[tip: sched/urgent] tasks, sched/core: Ensure tasks are available for a grace period after leaving the runqueue

From: tip-bot2 for Eric W. Biederman
Date: Fri Sep 27 2019 - 04:11:34 EST


The following commit has been merged into the sched/urgent branch of tip:

Commit-ID: 0ff7b2cfbae36ebcd216c6a5ad7f8534eebeaee2
Gitweb: https://git.kernel.org/tip/0ff7b2cfbae36ebcd216c6a5ad7f8534eebeaee2
Author: Eric W. Biederman <ebiederm@xxxxxxxxxxxx>
AuthorDate: Sat, 14 Sep 2019 07:33:58 -05:00
Committer: Ingo Molnar <mingo@xxxxxxxxxx>
CommitterDate: Wed, 25 Sep 2019 17:42:29 +02:00

tasks, sched/core: Ensure tasks are available for a grace period after leaving the runqueue

In the ordinary case today the RCU grace period for a task_struct is
triggered when another process wait's for it's zombine and causes the
kernel to call release_task(). As the waiting task has to receive a
signal and then act upon it before this happens, typically this will
occur after the original task as been removed from the runqueue.

Unfortunaty in some cases such as self reaping tasks it can be shown
that release_task() will be called starting the grace period for
task_struct long before the task leaves the runqueue.

Therefore use put_task_struct_rcu_user() in finish_task_switch() to
guarantee that the there is a RCU lifetime after the task
leaves the runqueue.

Besides the change in the start of the RCU grace period for the
task_struct this change may cause perf_event_delayed_put and
trace_sched_process_free.
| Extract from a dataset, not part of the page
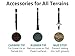Trekology Trek-Z Collapsible Hiking & Trekking Poles - Balance Support for Seniors, Women, and Men, 2pc Per Set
The function perf_event_delayed_put boils
down to just a WARN_ON for cases that I assume never show happen. So
I don't see any problem with delaying it.

The function trace_sched_process_free is a trace point and thus
visible to user space. Occassionally userspace has the strangest
dependencies so this has a miniscule chance of causing a regression.
This change only changes the timing of when the tracepoint is called.
The change in timing arguably gives userspace a more accurate picture
of what is going on. So I don't expect there to be a regression.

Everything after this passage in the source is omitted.